Aim of the task
The data should be written out in full, exactly as it stands, and the pictures dropped.

Data segment
-- -- --

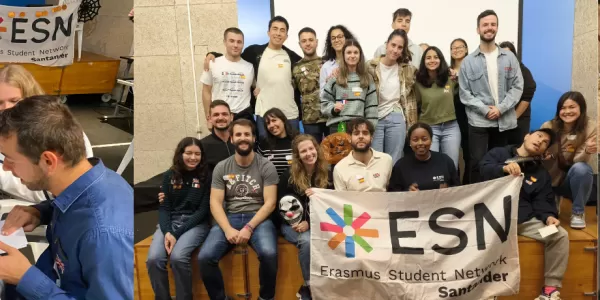 Group pictures of the participants during the event.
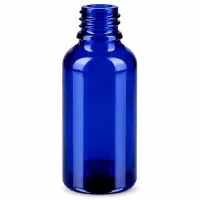 30ml Roll-On Flasche blau mit Standard Hals UT18/30 für Serum und Hautpflege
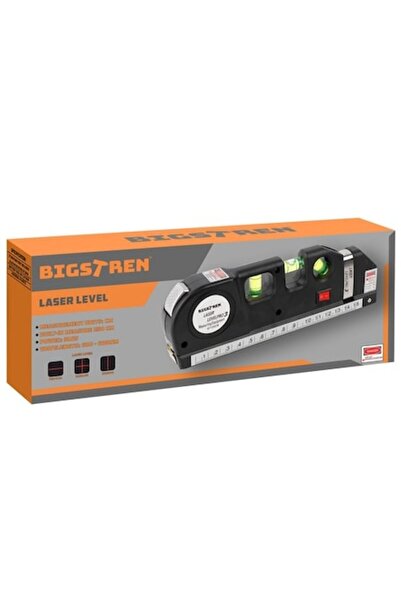 Bigstren Laser Level, 250cm, Bigstren, ABS/Steel, Red Laser Color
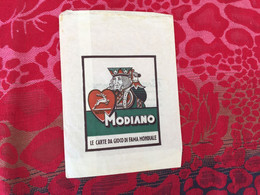 TRIESTE Pubblicità Su Bustina Italiana MODIANO LE CARTE DA GIOCO DI FAMA MONDIALE Publicité Sur Sachet Italien Tabacco - Objets Publicitaires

-- -- --

Output below
 Group pictures of the participants during the event.
 30ml Roll-On Flasche blau mit Standard Hals UT18/30 für Serum und Hautpflege
 Bigstren Laser Level, 250cm, Bigstren, ABS/Steel, Red Laser Color
 TRIESTE Pubblicità Su Bustina Italiana MODIANO LE CARTE DA GIOCO DI FAMA MONDIALE Publicité Sur Sachet Italien Tabacco - Objets Publicitaires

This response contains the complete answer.